The Orlando Consort provided the recipes but did offer alternatives for what would work. “So there’s the specificity but also a little bit of wiggle room in there,” Fleetwood said.
Fleetwood was especially excited about the wine pairings. “They’re awesome,” she said of both selections: Maison Louis Jadot, Mâcon-Villages (2018), a French white; and Barone Ricasoli, Chianti Classico Briolio (2015), an Italian red.
“The menu that we used is one that they’ve used many, many times,” she said. “It just fits well together. It’s nice, especially in colder weather.”
The hearty soup referenced should fit with dining practices of those who spend winter months in Wisconsin, adding a familiar note to the meal.
“I think it’s even interesting that you see some parallels between kind of the Midwest winter fare and that medieval Renaissance fare,” LaBair said. “I think people really enjoy seeing places where they can find commonality and find something new — so that there’s that little bit of comfort and that little bit of experimentation.”
The different tuning employed in early music should further help listeners imagine a different time and place, explained Evan Middlesworth, director of artistic programming at Pablo Center.
“We’re so used to hearing music tuned to that 440 (Hz),” he said. “... But as soon as you hear something a little sharp or a little flat, it actually does different things to you psychologically, and you might feel it differently so then the music resonates physically and mentally at a different frequency. So it’s a different experience for the listener that they wouldn’t get, say, if they just plopped down and listened to a choir singing to a piano.”

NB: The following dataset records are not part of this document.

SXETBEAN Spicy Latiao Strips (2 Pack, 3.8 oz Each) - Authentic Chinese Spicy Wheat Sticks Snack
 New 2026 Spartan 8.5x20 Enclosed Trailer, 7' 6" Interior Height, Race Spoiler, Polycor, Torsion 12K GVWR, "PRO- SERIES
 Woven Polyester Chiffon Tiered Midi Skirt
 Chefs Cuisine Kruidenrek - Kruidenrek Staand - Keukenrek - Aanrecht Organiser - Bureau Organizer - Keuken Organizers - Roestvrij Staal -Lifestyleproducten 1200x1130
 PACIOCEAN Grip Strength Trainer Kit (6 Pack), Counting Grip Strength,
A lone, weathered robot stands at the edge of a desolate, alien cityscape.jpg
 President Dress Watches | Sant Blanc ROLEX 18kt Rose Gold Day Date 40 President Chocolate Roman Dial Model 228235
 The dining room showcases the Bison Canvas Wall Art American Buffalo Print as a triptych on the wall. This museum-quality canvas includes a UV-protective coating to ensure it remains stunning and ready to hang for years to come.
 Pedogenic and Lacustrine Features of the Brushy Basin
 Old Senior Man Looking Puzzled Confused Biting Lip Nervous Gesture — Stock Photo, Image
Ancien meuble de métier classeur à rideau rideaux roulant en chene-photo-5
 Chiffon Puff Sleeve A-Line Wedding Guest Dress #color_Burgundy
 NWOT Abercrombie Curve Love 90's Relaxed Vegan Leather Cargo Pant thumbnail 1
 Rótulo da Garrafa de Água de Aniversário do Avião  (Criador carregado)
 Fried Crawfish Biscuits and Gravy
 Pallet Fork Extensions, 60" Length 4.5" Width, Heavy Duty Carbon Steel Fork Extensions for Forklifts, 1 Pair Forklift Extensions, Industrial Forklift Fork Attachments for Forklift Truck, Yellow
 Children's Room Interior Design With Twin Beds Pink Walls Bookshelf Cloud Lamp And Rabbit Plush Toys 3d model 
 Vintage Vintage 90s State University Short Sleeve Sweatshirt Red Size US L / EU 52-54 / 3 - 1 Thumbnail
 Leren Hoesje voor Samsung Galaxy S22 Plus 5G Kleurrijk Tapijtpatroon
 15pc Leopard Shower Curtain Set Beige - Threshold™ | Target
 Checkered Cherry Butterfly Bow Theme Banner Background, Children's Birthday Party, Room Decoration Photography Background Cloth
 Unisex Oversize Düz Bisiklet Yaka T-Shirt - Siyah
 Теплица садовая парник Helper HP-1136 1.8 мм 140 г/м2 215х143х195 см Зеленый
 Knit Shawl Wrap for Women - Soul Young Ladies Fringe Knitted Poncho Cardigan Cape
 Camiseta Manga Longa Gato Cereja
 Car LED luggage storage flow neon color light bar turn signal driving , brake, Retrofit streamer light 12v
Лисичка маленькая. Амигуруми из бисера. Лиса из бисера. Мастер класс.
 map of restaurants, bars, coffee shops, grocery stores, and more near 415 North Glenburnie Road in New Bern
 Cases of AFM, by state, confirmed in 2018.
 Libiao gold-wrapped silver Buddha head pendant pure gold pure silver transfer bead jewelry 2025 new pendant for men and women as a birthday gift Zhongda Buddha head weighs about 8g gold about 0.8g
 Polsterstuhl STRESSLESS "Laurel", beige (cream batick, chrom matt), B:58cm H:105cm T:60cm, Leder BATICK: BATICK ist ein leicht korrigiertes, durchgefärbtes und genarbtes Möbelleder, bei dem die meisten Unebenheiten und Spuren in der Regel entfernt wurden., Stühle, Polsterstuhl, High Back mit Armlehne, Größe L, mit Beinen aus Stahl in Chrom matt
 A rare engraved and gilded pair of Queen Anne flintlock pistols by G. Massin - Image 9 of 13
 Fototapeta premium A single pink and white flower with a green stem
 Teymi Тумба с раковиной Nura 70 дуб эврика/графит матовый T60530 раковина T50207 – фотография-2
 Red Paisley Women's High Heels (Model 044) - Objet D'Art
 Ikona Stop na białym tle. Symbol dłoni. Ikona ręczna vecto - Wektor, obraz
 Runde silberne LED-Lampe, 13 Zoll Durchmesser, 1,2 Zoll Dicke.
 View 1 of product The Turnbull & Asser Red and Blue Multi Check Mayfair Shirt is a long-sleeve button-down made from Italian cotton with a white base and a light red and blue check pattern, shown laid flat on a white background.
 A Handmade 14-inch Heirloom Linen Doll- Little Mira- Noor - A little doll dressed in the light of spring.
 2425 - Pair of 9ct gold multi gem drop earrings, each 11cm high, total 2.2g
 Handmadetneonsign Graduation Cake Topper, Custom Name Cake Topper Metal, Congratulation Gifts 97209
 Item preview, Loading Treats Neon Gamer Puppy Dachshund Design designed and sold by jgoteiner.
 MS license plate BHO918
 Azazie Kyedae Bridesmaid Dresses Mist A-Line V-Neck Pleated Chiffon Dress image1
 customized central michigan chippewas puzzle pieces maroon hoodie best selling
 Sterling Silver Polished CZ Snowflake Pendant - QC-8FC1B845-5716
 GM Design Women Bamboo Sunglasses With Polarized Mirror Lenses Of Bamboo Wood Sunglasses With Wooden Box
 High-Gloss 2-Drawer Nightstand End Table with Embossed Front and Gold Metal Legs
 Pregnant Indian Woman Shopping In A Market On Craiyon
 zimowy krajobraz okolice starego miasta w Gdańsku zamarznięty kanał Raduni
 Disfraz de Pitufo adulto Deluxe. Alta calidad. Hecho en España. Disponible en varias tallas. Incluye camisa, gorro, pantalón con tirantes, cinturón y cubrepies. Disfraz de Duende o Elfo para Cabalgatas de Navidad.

Lundin also noted the different tuning as well as the languages in which the music is sung.
“That’s one thing I enjoy about early music is that the group is so careful about performance practice and so everything is done in the style of the period all the way down to the language,” he said. “It’ll be French and German, but it’s not the French and German you’ll hear today. It’s like Old English and Old German, so it’s a very specific experience like, they actually researched everything thoroughly.”
That’s why all three elements of the “Food, Wine, and Song” are designed not just to entertain but to help transport audiences to another era.
As Lundin said, “It’s going to be an immersive experience.”